■ **DATA BLOCK**
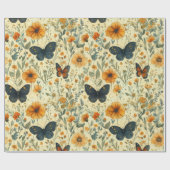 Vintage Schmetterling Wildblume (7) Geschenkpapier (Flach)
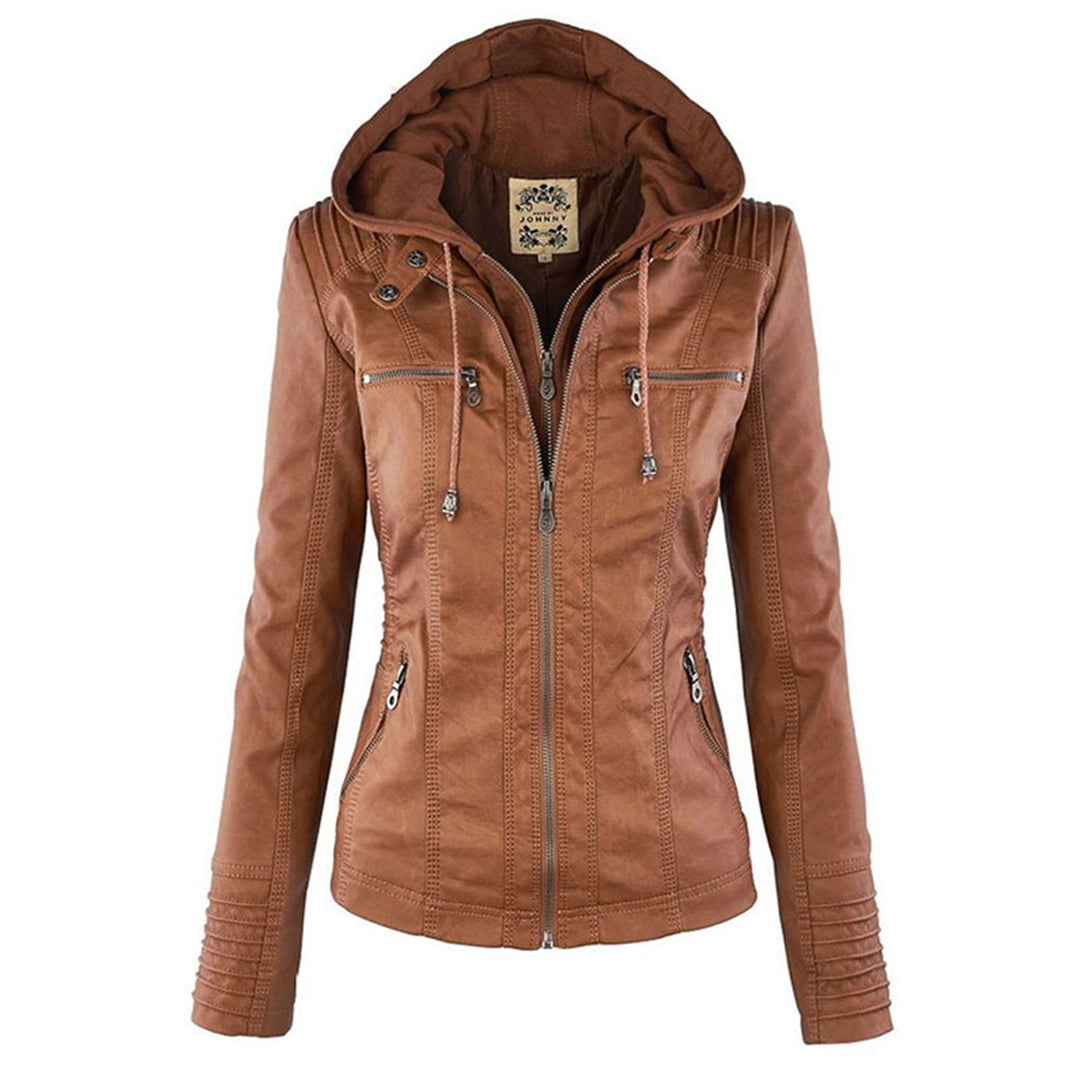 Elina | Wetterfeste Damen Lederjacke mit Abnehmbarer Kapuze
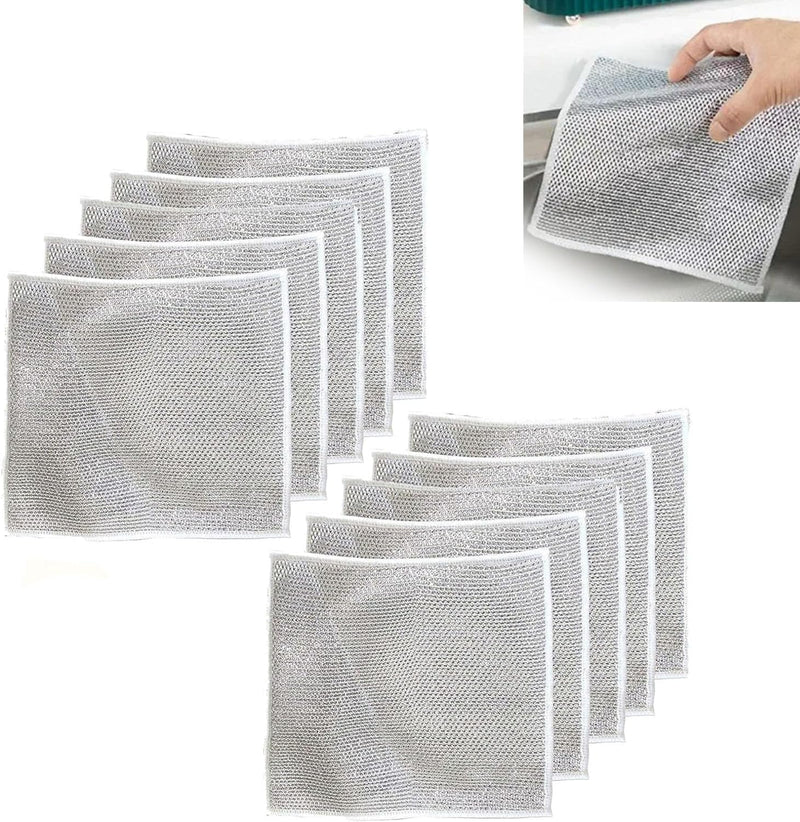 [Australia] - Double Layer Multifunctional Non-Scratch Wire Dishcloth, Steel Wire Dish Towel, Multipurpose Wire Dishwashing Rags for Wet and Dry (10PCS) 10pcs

■ **WHAT TO PRODUCE**
In your answer, set down the full listing word for word and include no pictures.

■ **SOLUTION FOR THIS PROBLEM**
 Vintage Schmetterling Wildblume (7) Geschenkpapier (Flach)
 Elina | Wetterfeste Damen Lederjacke mit Abnehmbarer Kapuze
 [Australia] - Double Layer Multifunctional Non-Scratch Wire Dishcloth, Steel Wire Dish Towel, Multipurpose Wire Dishwashing Rags for Wet and Dry (10PCS) 10pcs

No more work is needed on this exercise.